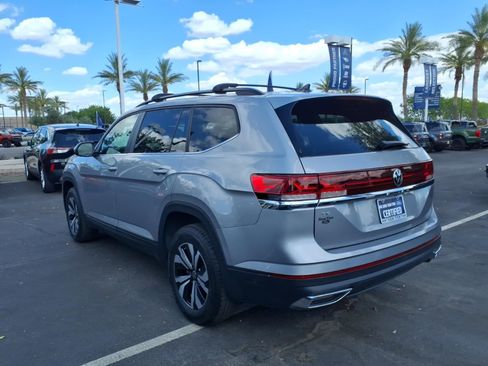 Used 2024 Volkswagen Atlas SE image 6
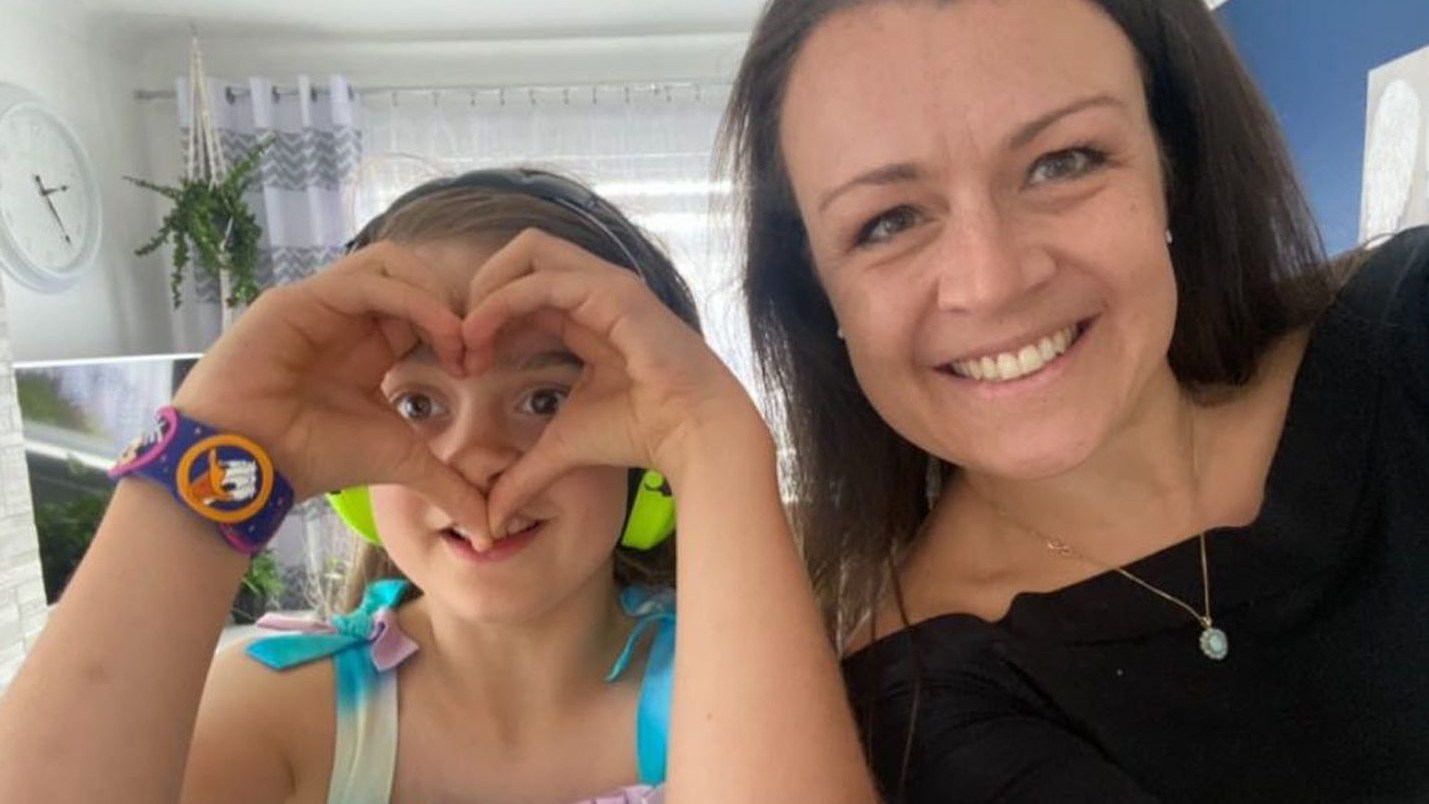 Natalie Pinnell said she was heartbroken that other parents were offered school photographs without her daughter Erin in them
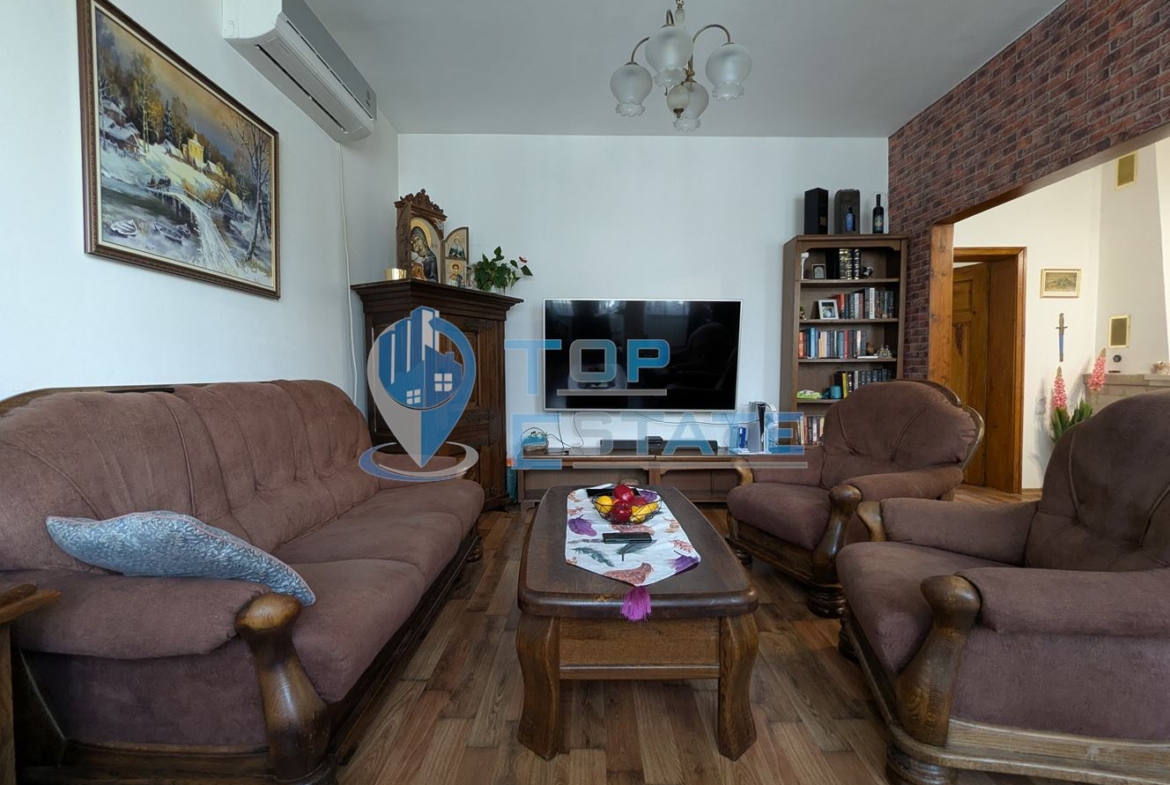 Масивна триетажна къща със сауна и басейн в близост до центъра на град Горна Оряховица, област Велико Търново - 0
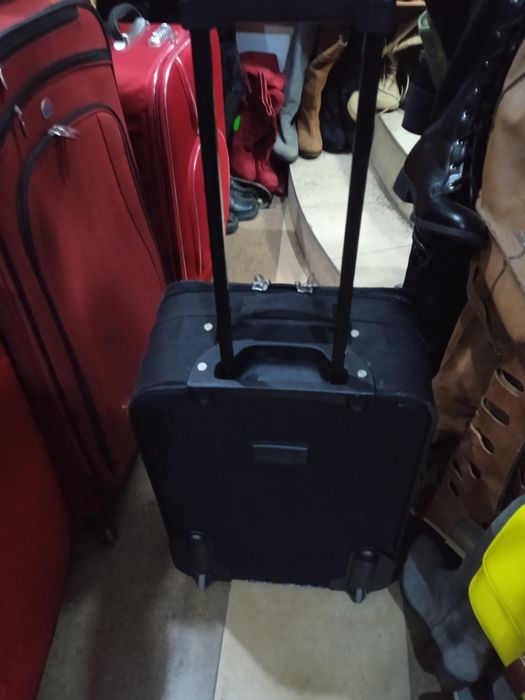 Продам два чемодана на колесах с выдвижной ручкой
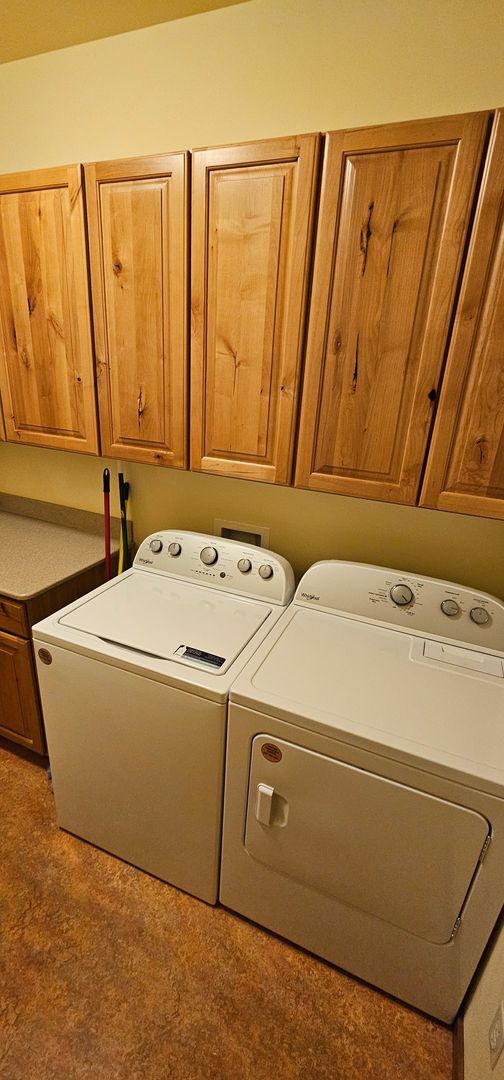 Building Photo - Beautiful 3 Bed 2 Bath One-Level Home Available in Quiet Neighborhood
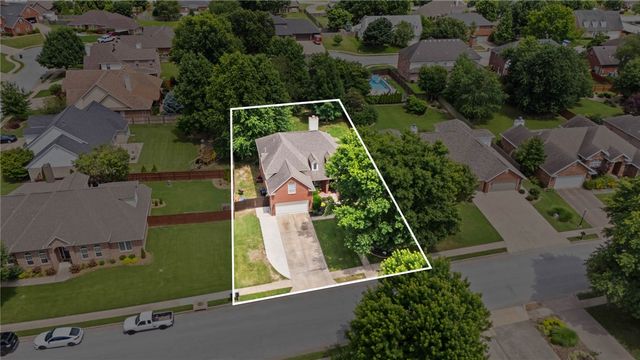5203 S 45th Street, Rogers, AR 72758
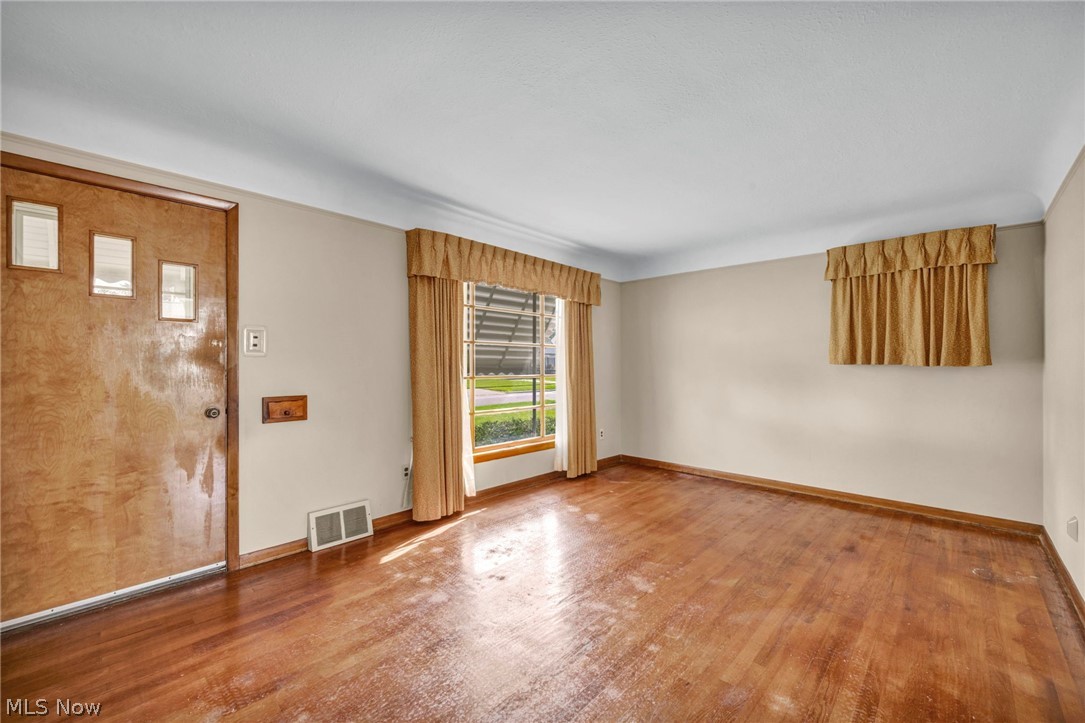 13107 Woodward Boulevard Garfield Heights OH 44125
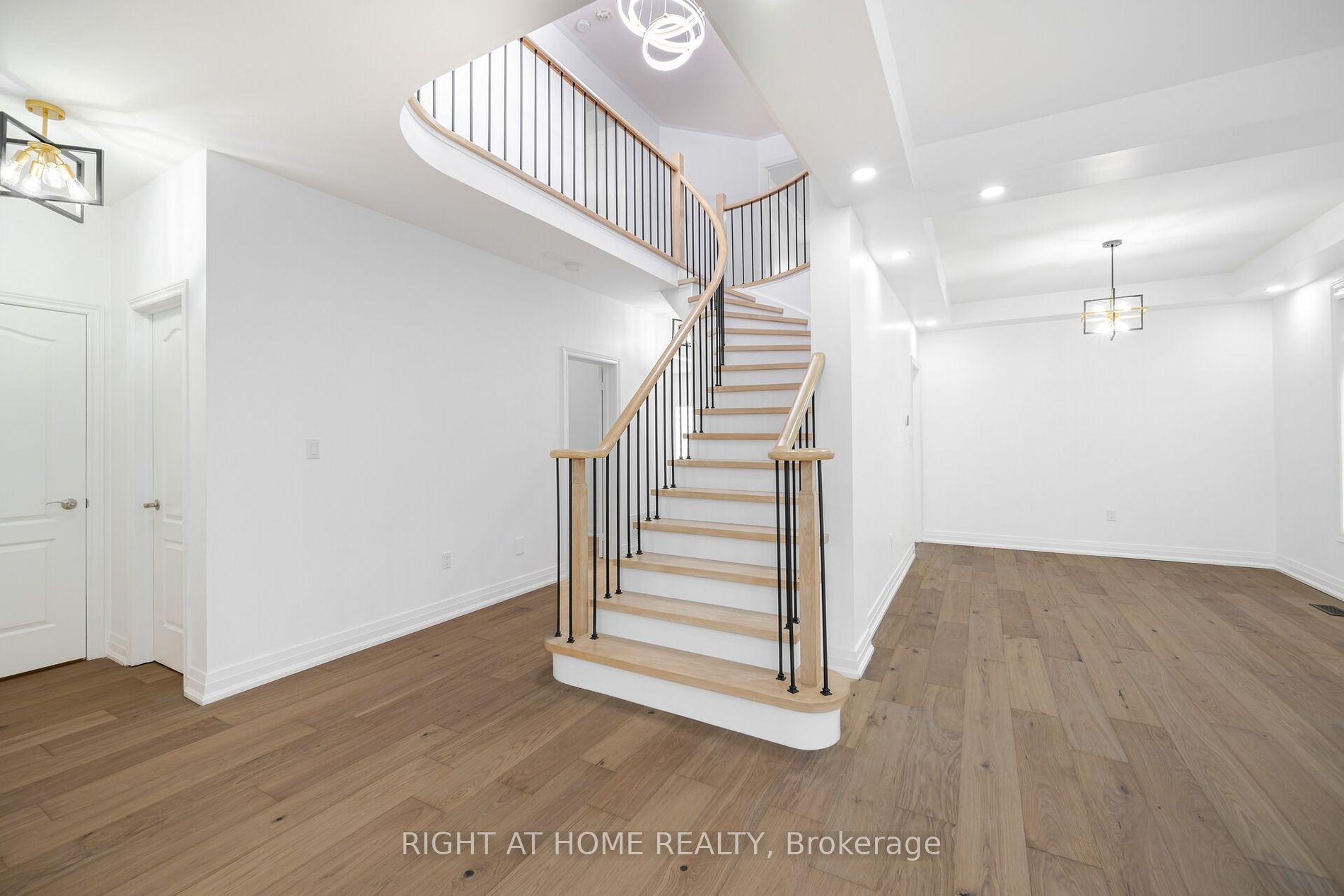 3020 Hawktail Crescent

### Exercise
Exactly as they appear above, print all the lines, but not the pictures.

### Exercise answer
 Used 2024 Volkswagen Atlas SE image 6
 Natalie Pinnell said she was heartbroken that other parents were offered school photographs without her daughter Erin in them
 Масивна триетажна къща със сауна и басейн в близост до центъра на град Горна Оряховица, област Велико Търново - 0
 Продам два чемодана на колесах с выдвижной ручкой
 Building Photo - Beautiful 3 Bed 2 Bath One-Level Home Available in Quiet Neighborhood
5203 S 45th Street, Rogers, AR 72758
 13107 Woodward Boulevard Garfield Heights OH 44125
 3020 Hawktail Crescent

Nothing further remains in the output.